> _Work instruction_
Take the lines from the one containing "Rear view of" through the end of the material and write them out exactly, omitting pictures.

> _Provided records_
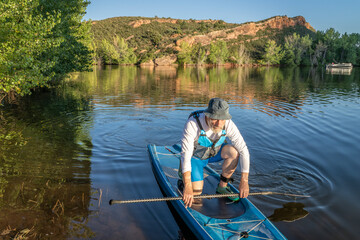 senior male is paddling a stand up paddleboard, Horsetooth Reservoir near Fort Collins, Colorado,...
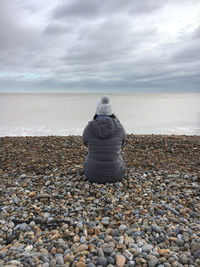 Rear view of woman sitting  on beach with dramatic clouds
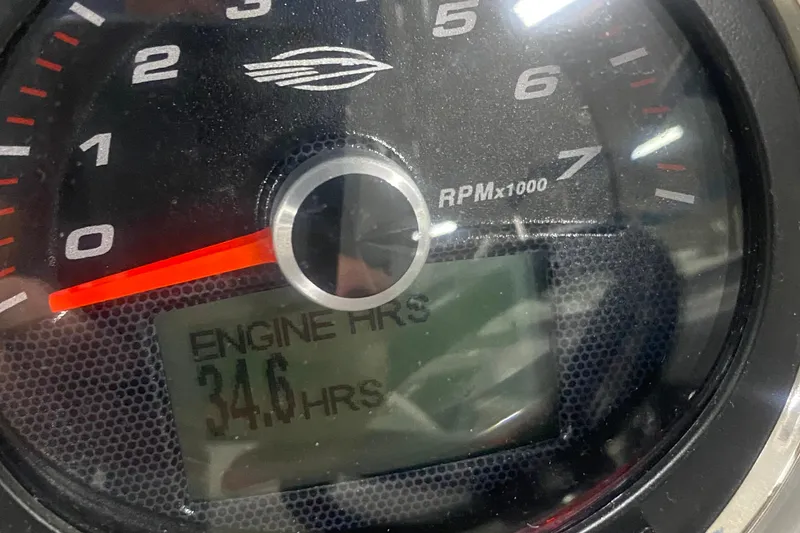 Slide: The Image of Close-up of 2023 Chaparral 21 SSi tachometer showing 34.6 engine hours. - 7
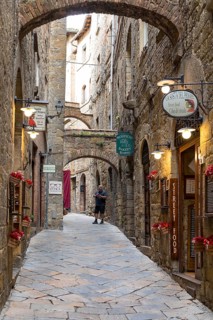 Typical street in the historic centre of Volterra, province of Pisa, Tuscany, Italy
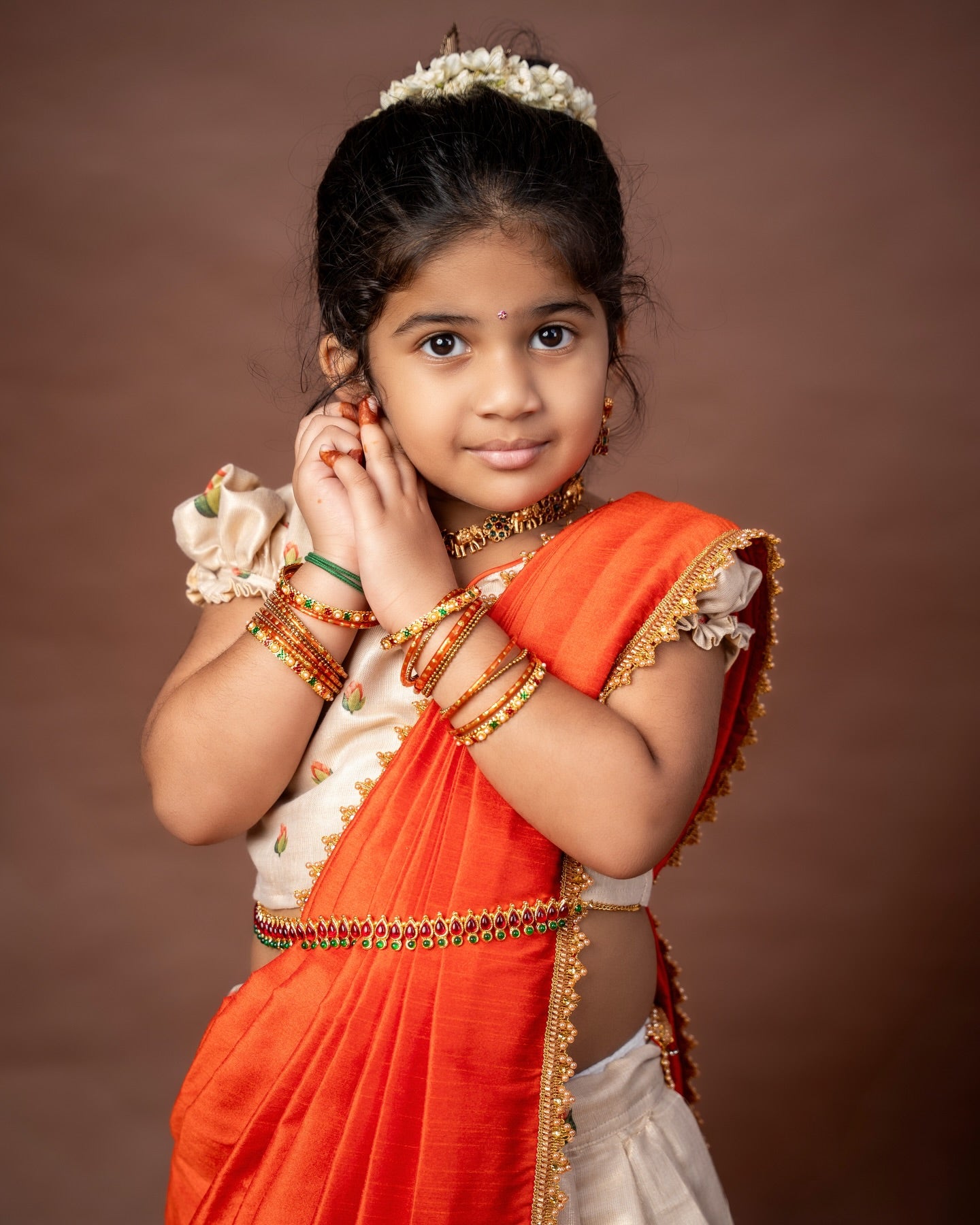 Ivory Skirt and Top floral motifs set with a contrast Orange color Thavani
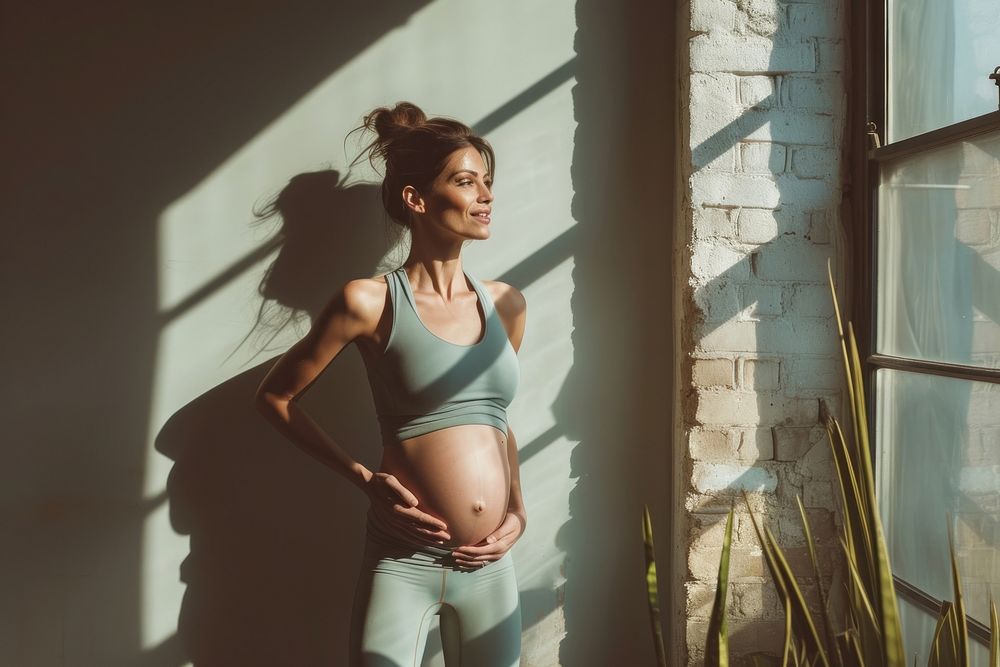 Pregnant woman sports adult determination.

> _Response below_
 Rear view of woman sitting  on beach with dramatic clouds
 Slide: The Image of Close-up of 2023 Chaparral 21 SSi tachometer showing 34.6 engine hours. - 7
 Typical street in the historic centre of Volterra, province of Pisa, Tuscany, Italy
 Ivory Skirt and Top floral motifs set with a contrast Orange color Thavani
 Pregnant woman sports adult determination.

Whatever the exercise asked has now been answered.